### TASK GOAL
Return, exactly, the line that contains "SucceBuy Scissor Jack" together with all lines after it to the end of the entries, and no further lines.

### GIVEN DATA
┌──

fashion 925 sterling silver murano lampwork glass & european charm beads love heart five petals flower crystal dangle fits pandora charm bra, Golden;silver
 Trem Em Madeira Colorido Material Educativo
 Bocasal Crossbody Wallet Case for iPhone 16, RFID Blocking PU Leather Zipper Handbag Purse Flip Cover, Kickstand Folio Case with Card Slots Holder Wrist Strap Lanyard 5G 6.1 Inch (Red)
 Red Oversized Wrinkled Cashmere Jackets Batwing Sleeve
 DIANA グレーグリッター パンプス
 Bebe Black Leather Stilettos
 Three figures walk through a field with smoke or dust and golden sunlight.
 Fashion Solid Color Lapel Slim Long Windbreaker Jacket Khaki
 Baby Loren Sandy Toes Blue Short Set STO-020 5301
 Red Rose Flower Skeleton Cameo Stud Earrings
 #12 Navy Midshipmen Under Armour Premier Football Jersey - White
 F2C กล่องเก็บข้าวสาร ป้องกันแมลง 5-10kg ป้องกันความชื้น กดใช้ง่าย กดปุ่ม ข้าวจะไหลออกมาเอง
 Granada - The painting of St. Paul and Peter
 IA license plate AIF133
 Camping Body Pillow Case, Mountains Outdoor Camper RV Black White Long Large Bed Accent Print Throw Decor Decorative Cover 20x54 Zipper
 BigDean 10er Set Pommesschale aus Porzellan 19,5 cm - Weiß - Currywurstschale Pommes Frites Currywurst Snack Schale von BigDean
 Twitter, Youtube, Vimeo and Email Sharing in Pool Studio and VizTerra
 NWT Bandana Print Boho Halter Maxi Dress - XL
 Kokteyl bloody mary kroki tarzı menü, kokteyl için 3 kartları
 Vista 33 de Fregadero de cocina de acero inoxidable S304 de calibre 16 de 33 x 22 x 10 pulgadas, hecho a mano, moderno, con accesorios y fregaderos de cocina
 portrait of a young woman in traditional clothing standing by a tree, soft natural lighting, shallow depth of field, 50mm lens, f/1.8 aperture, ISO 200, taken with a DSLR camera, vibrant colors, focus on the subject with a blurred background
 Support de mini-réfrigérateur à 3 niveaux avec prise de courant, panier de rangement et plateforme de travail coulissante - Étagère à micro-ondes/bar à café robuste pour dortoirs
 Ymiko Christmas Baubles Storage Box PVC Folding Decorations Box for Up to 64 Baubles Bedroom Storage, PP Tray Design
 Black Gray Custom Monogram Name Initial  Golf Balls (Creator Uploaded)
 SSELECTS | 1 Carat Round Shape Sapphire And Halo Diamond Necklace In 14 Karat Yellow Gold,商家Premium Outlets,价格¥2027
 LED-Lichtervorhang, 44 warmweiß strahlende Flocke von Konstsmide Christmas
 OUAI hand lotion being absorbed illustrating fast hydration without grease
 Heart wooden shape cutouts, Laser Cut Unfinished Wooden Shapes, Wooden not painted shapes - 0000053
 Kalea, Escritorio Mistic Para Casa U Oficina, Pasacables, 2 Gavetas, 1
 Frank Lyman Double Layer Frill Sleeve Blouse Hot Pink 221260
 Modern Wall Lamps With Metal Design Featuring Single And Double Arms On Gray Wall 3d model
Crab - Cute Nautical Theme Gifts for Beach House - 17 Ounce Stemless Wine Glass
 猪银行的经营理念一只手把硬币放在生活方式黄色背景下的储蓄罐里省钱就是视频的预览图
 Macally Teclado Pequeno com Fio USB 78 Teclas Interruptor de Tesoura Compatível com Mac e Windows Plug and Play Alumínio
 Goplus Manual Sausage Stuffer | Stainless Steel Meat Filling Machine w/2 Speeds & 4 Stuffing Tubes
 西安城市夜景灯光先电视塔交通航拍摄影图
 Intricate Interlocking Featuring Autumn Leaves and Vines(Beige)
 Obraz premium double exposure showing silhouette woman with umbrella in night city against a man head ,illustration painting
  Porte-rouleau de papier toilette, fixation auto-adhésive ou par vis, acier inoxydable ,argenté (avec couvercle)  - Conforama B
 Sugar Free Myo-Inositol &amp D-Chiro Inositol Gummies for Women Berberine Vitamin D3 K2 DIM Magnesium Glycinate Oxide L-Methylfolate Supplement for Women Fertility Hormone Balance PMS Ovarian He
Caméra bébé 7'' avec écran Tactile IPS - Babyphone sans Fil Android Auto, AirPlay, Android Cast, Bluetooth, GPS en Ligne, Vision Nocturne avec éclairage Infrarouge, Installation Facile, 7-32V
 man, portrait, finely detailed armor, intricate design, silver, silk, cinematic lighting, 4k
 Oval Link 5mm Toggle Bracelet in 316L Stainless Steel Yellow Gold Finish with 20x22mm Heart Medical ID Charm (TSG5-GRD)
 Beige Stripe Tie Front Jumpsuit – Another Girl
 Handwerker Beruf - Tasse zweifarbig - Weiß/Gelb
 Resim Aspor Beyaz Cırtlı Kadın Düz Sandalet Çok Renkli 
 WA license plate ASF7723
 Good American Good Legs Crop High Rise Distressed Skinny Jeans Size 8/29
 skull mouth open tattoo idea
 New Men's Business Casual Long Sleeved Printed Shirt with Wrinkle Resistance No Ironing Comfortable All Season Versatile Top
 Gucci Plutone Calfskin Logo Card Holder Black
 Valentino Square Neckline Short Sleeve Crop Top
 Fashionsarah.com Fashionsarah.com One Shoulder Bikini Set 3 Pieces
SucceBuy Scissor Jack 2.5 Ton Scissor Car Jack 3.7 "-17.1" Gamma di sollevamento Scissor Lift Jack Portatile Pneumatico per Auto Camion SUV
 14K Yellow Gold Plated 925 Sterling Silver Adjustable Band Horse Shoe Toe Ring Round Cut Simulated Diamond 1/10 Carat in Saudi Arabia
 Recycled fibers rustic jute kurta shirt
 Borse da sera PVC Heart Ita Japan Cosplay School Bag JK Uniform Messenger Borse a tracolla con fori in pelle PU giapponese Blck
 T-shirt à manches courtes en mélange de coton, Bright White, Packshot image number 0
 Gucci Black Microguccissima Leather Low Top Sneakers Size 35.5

└──

### EXERCISE RESPONSE
SucceBuy Scissor Jack 2.5 Ton Scissor Car Jack 3.7 "-17.1" Gamma di sollevamento Scissor Lift Jack Portatile Pneumatico per Auto Camion SUV
 14K Yellow Gold Plated 925 Sterling Silver Adjustable Band Horse Shoe Toe Ring Round Cut Simulated Diamond 1/10 Carat in Saudi Arabia
 Recycled fibers rustic jute kurta shirt
 Borse da sera PVC Heart Ita Japan Cosplay School Bag JK Uniform Messenger Borse a tracolla con fori in pelle PU giapponese Blck
 T-shirt à manches courtes en mélange de coton, Bright White, Packshot image number 0
 Gucci Black Microguccissima Leather Low Top Sneakers Size 35.5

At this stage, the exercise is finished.